Repeat each entry exactly and drop the pictures.

[[ Data for this exercise open ]]

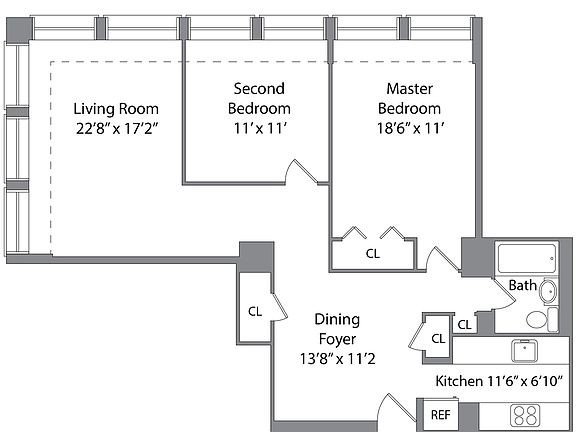 2nd image of 300 E 33rd St APT 9L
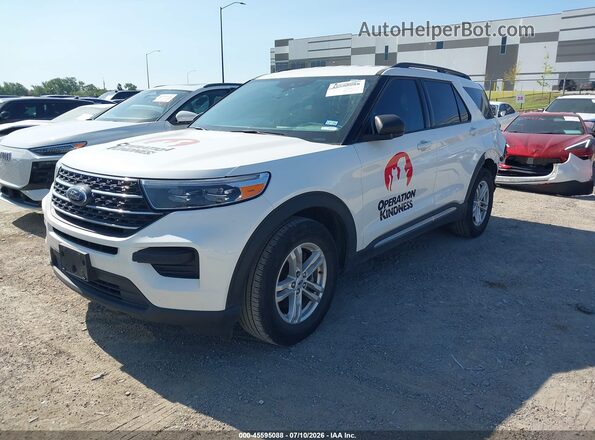 1FMSK7DH3PGC10908 2023 FORD EXPLORER White Front left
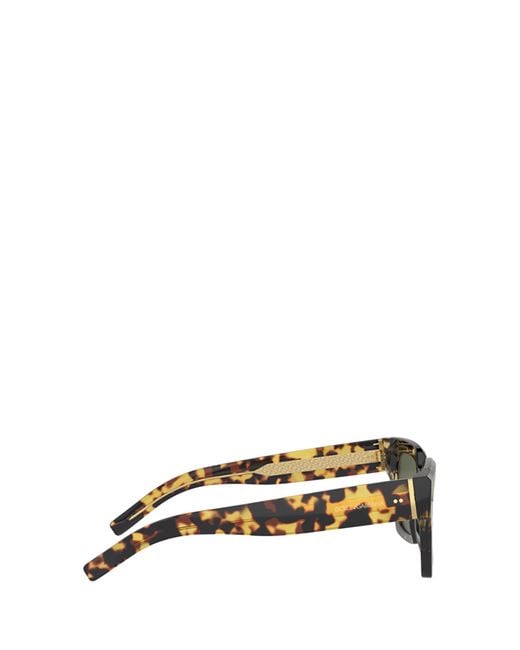 Dolce & Gabbana Green Eyewear Square Frame Sunglasses for men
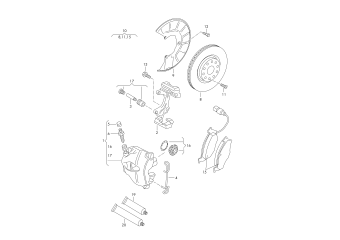 Disc brake front PR-1ZA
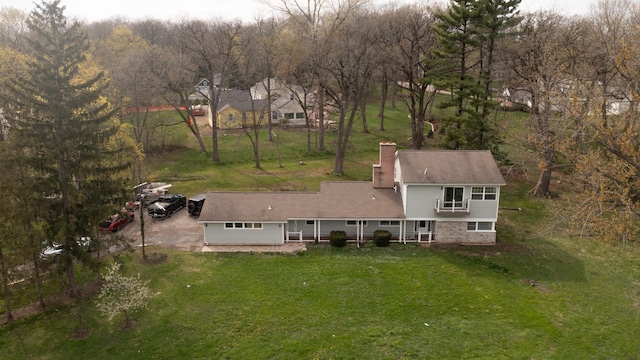 1762 W Palatine Rd, Inverness, IL 60067 - view from above of property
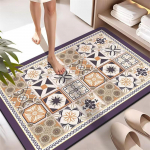 Prabangus vonios grindų kilimėlis neslystantis vonios kambario kilimas super sugeriantis greitai džiūstantis tualeto du&scaron;o kilimėliai durų kilimėlis plaunamas 40&times;60cm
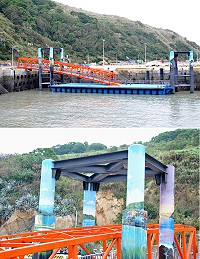 白沙浮動碼頭杜鵑期間安然度過,算是通過颱風加暴潮考驗。(圖/文:陳鵬雄)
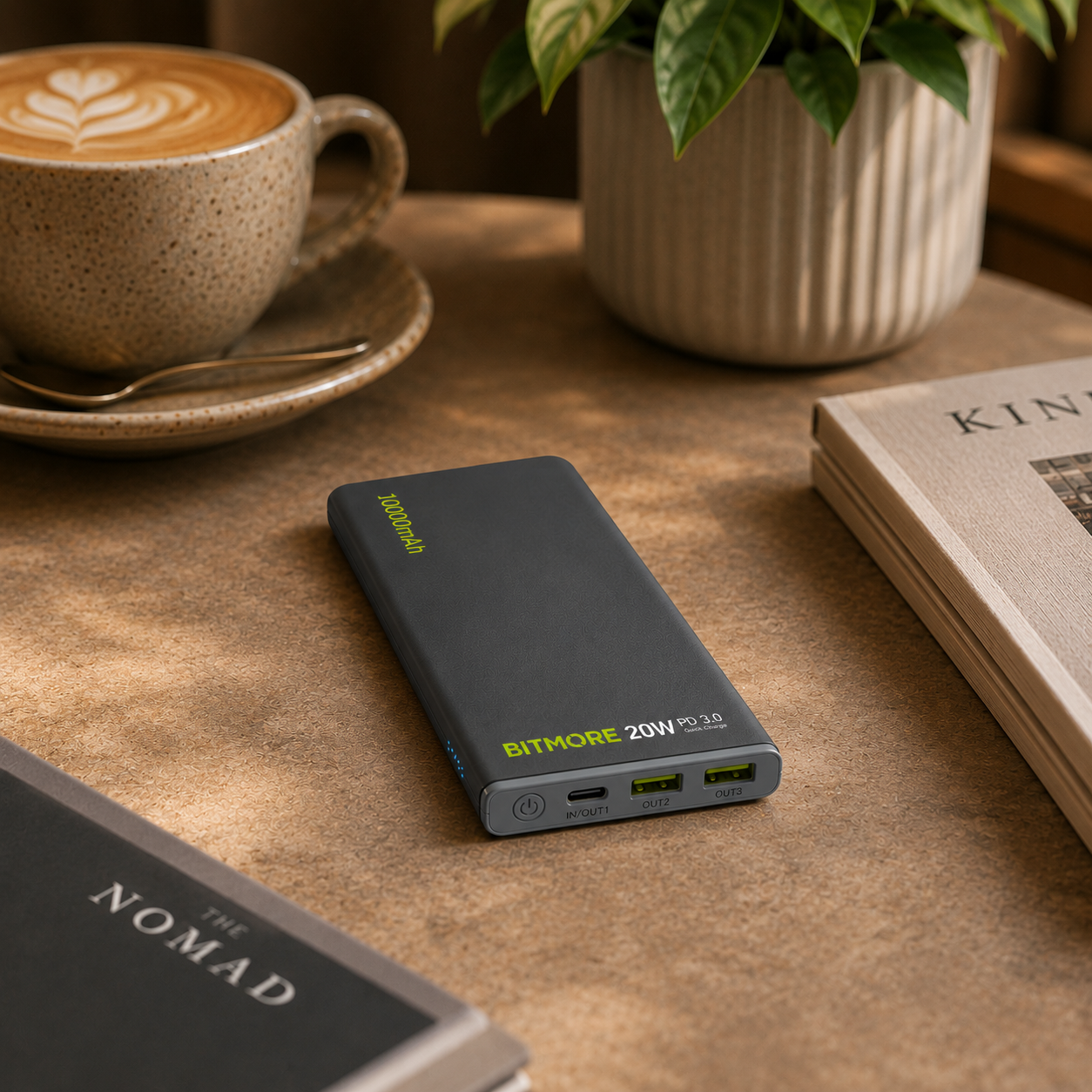 10,000mAh PD (Power Delivery) Fast Charge Powerbank - bitmore.co.uk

[[ Data for this exercise closed ]]

Solution to the problem
 2nd image of 300 E 33rd St APT 9L
 1FMSK7DH3PGC10908 2023 FORD EXPLORER White Front left
 Dolce & Gabbana Green Eyewear Square Frame Sunglasses for men
 Disc brake front PR-1ZA
 1762 W Palatine Rd, Inverness, IL 60067 - view from above of property
 Prabangus vonios grindų kilimėlis neslystantis vonios kambario kilimas super sugeriantis greitai džiūstantis tualeto du&scaron;o kilimėliai durų kilimėlis plaunamas 40&times;60cm
 白沙浮動碼頭杜鵑期間安然度過,算是通過颱風加暴潮考驗。(圖/文:陳鵬雄)
 10,000mAh PD (Power Delivery) Fast Charge Powerbank - bitmore.co.uk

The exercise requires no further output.